Mats himself sings on a handful of the tracks, his reedy voice evoking a very white Stevie Wonder and just not on a level with the instrumentals. Guest vocalists help a little. The second track, “Trottsov”, which features the singer Dilba, has an engaging oddness, the keyboards morphing into a skewed oompah band, the vocals twining and weaving along non-linear, non-poppish paths. Dilba returns for the metal-crunching, tempestuous “Russian Läsk”, her cool modulating tones providing some relief from the heat of the instrumentals.
In addition to vocals, there are just far more instruments on Trends than in the live show, and some of them work better than others within the jazz-into-rock framework. The upright bass in “Fire and Audio” is a fine, nerve-wracking element in a jittery, intense composition. The oboe in “Fialka’s House” pushes an already borderline synth line firmly into new age territory.

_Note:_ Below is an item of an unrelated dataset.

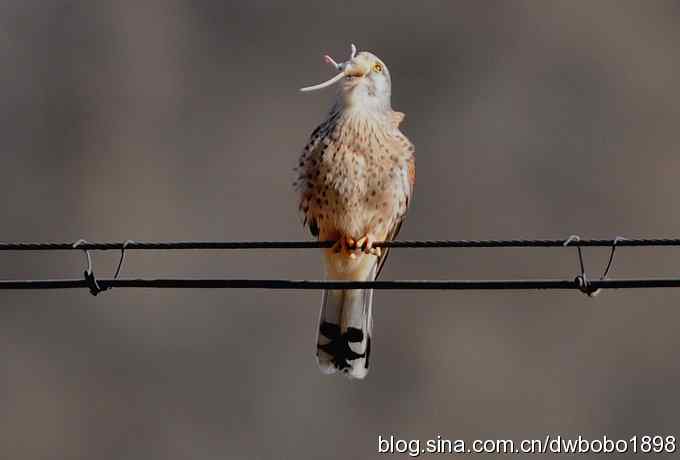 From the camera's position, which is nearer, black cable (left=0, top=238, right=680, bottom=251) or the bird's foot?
black cable (left=0, top=238, right=680, bottom=251)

Still, the skill level is undeniably high, particularly in the drums, but also in the keyboards and bass. And that, finally, brings us to the question of who might best enjoy these records. The answer’s on the DVD, in the front row of the audience, where a man stands entranced, his arms raised, his hands clenched, pounding out invisible fills on his imaginary drum set. The people who will like this record are the ones who can appreciate, not just intellectually, but with their fingers and toes, exactly how hard it is to play these songs. If you’ve got a drummer in your family, pick these records up for him. He’ll either thank you or give up his instrument forever.